#### Brief descriptive captions
● ● ● ● ●

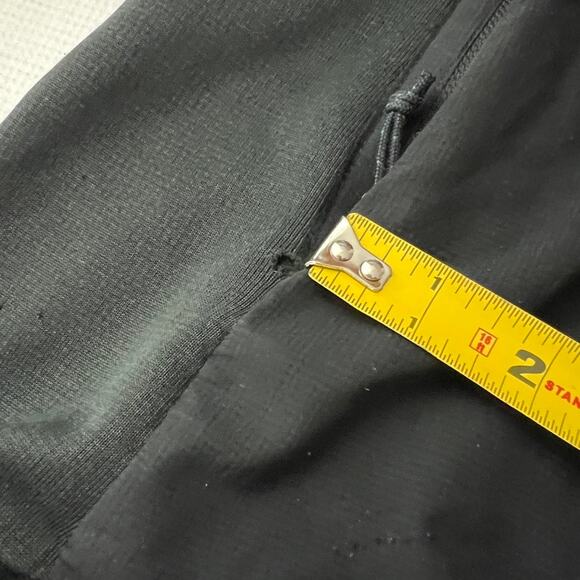 ARCTERYX Atom Light Hoody Jacket Black Women Size Large9 - Picture 9 of 16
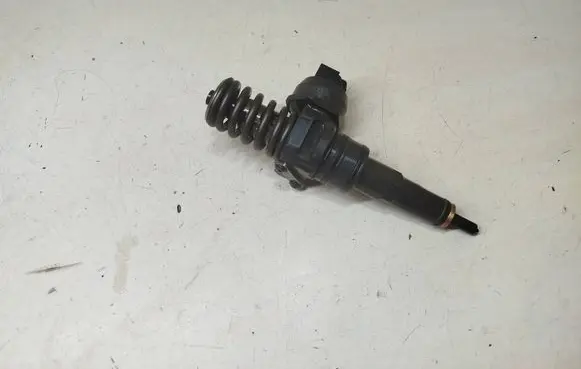 Volkswagen Transporter - Caravelle T5 Fuel injector 07Z130073F 0414720210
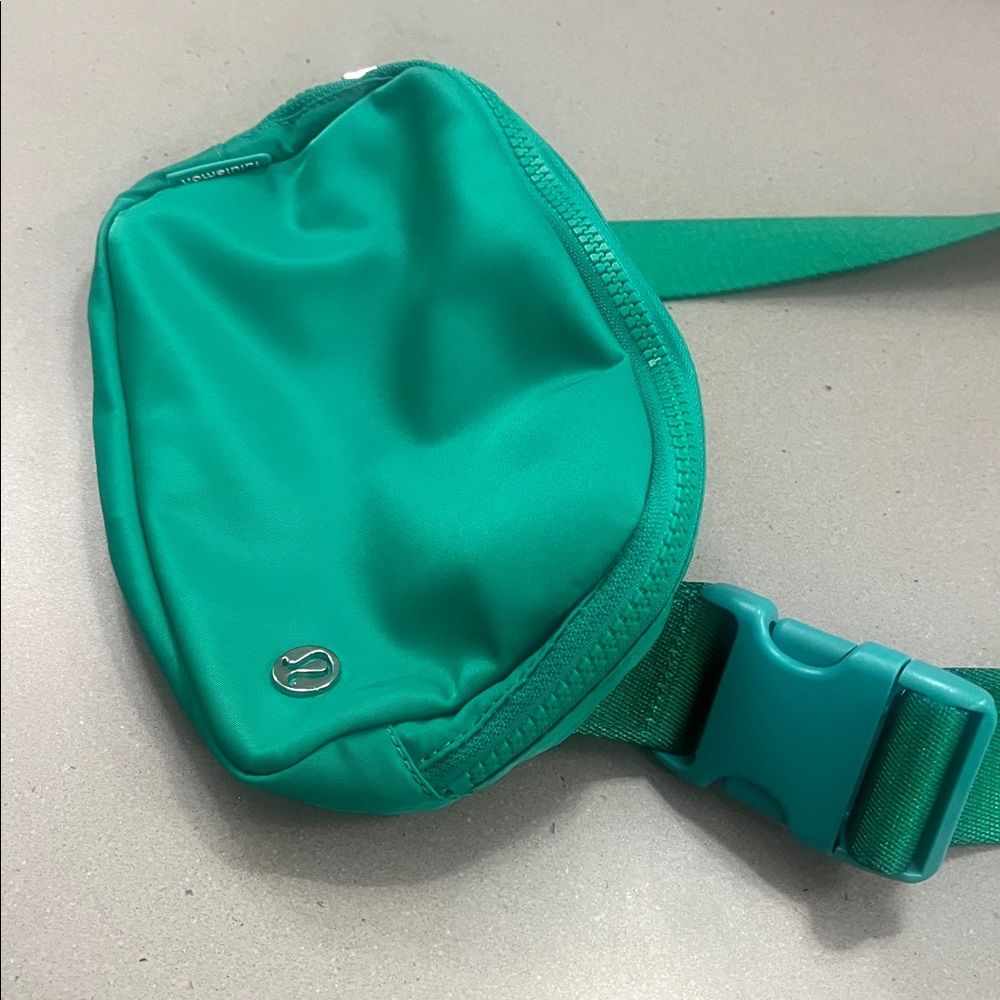 Lululemon Green Belt Bag - Picture 3 of 6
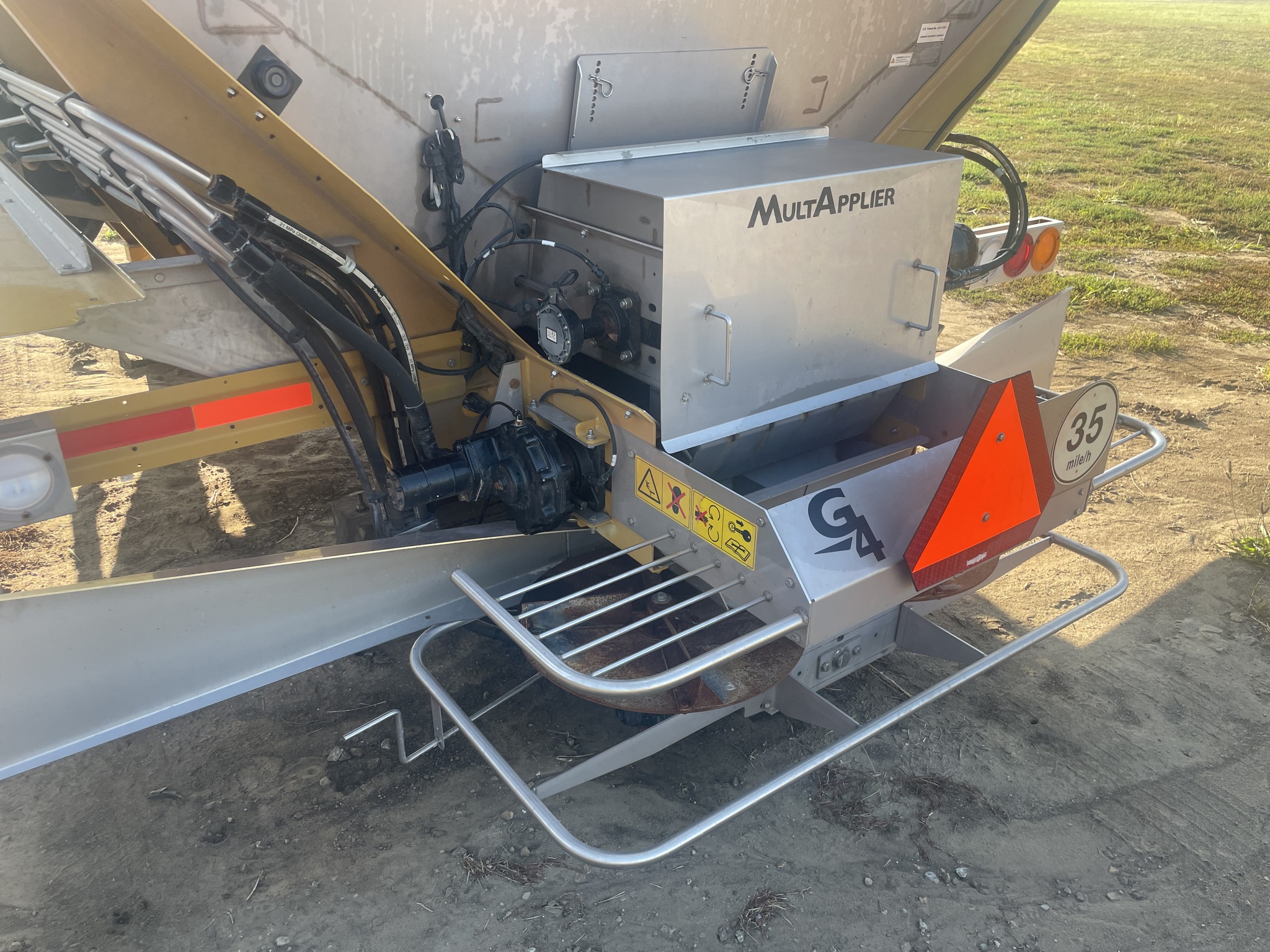 2019 RoGator RG1100C Image 14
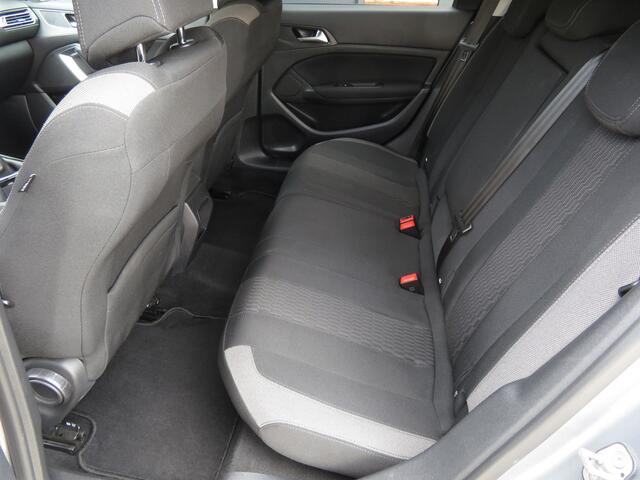 Peugeot 308 SW 1.2 PureTech Style Airco Cr-Control Trekhaak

● ● ● ● ●

#### Task to carry out
Transcribe the records above exactly and drop every picture.

#### Answer
 ARCTERYX Atom Light Hoody Jacket Black Women Size Large9 - Picture 9 of 16
 Volkswagen Transporter - Caravelle T5 Fuel injector 07Z130073F 0414720210
 Lululemon Green Belt Bag - Picture 3 of 6
 2019 RoGator RG1100C Image 14
 Peugeot 308 SW 1.2 PureTech Style Airco Cr-Control Trekhaak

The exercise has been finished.